__THE TASK__
Would you repeat exactly the part of the listing below that runs from the line containing "Baileyton Alabama Urban" down to the line containing "Vintage Vintage 1994", inclusive, and nothing else?

__EXERCISE MATERIAL__
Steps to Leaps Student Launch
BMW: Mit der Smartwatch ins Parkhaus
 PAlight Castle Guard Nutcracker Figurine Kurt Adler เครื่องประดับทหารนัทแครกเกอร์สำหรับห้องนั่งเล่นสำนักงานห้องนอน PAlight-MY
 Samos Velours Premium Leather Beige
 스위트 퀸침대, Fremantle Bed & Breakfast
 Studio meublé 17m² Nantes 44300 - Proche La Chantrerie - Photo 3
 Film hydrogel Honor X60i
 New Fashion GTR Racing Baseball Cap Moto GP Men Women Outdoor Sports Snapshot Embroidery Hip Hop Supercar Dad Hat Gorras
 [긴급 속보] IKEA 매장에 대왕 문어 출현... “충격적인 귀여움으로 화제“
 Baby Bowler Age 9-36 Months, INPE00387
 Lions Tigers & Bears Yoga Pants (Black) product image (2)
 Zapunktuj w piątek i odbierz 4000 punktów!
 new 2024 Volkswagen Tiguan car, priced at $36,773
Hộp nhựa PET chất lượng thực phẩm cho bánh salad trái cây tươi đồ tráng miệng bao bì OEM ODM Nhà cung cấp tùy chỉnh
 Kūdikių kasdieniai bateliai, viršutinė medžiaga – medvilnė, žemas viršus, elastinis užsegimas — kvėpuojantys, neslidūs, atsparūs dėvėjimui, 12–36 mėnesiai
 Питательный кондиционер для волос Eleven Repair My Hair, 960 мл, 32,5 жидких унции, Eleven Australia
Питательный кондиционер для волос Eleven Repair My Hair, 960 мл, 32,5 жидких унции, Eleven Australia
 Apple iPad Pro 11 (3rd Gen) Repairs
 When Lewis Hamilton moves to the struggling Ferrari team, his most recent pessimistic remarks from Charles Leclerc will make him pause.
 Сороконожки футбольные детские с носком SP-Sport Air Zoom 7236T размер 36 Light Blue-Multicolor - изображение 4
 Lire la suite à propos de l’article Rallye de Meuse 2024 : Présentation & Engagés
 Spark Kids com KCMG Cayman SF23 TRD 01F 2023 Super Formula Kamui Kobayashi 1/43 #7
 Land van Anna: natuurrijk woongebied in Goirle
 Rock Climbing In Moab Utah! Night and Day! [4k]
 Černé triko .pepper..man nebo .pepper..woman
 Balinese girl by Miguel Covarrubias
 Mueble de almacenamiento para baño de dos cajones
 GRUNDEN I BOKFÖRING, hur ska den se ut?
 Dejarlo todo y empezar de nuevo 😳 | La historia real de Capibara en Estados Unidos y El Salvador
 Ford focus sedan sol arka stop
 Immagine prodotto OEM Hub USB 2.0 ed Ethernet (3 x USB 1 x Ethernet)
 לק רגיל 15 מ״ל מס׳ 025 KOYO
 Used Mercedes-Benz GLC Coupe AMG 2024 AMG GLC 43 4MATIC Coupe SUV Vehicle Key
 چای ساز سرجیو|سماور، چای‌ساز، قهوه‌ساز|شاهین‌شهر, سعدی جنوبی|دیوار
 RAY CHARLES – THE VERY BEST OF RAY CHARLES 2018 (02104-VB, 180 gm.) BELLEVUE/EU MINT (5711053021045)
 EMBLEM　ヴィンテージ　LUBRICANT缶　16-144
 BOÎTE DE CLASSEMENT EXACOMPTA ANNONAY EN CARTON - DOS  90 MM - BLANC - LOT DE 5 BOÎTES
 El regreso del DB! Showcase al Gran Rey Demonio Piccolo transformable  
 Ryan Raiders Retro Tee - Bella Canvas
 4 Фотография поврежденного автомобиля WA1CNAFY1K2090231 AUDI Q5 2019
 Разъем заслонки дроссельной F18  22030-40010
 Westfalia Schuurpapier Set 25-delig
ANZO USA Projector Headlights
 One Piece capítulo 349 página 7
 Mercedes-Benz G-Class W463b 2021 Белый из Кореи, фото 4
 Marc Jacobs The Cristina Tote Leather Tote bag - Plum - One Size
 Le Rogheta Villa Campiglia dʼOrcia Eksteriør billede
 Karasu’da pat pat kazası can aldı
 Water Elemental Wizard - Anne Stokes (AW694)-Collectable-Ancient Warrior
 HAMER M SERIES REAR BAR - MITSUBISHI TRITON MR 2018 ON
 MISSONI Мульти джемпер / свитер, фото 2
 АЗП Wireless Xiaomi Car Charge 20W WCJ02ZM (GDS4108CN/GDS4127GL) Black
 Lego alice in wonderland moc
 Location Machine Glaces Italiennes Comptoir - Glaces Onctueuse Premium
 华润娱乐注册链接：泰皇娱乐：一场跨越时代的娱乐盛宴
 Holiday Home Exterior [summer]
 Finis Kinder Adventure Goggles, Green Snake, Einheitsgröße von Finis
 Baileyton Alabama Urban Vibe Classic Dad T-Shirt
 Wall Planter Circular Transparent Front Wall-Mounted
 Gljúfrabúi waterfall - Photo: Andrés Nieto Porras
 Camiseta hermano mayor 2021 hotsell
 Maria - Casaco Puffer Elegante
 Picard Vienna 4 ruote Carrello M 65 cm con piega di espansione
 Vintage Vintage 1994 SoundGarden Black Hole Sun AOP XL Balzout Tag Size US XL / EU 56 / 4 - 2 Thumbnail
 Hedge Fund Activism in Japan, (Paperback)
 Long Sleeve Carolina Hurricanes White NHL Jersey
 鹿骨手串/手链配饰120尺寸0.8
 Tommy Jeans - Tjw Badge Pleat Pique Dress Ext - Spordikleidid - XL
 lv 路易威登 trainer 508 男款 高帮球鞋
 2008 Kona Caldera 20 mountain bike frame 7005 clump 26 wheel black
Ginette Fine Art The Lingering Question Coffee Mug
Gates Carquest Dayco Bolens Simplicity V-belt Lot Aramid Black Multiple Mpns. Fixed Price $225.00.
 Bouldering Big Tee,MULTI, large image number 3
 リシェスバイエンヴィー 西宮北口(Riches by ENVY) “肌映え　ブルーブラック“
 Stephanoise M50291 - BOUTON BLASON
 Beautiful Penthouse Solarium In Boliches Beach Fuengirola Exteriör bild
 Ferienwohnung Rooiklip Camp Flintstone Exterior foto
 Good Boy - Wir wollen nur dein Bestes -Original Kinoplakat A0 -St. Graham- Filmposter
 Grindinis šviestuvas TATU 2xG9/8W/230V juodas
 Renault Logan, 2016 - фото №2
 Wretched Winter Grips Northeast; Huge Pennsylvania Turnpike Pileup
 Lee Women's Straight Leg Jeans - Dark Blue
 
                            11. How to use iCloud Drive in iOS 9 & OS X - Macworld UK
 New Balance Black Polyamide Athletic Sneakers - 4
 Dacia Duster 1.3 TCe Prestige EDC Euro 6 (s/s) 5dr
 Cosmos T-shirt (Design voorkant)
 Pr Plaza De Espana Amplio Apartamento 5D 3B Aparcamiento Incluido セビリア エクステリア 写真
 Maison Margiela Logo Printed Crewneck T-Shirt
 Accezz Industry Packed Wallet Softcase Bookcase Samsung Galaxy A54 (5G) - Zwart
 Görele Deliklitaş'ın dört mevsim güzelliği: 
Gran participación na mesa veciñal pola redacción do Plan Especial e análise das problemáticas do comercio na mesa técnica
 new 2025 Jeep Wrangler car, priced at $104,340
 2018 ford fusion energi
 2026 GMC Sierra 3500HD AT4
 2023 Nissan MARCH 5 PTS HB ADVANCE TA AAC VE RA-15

__EXPECTED ANSWER__
 Baileyton Alabama Urban Vibe Classic Dad T-Shirt
 Wall Planter Circular Transparent Front Wall-Mounted
 Gljúfrabúi waterfall - Photo: Andrés Nieto Porras
 Camiseta hermano mayor 2021 hotsell
 Maria - Casaco Puffer Elegante
 Picard Vienna 4 ruote Carrello M 65 cm con piega di espansione
 Vintage Vintage 1994 SoundGarden Black Hole Sun AOP XL Balzout Tag Size US XL / EU 56 / 4 - 2 Thumbnail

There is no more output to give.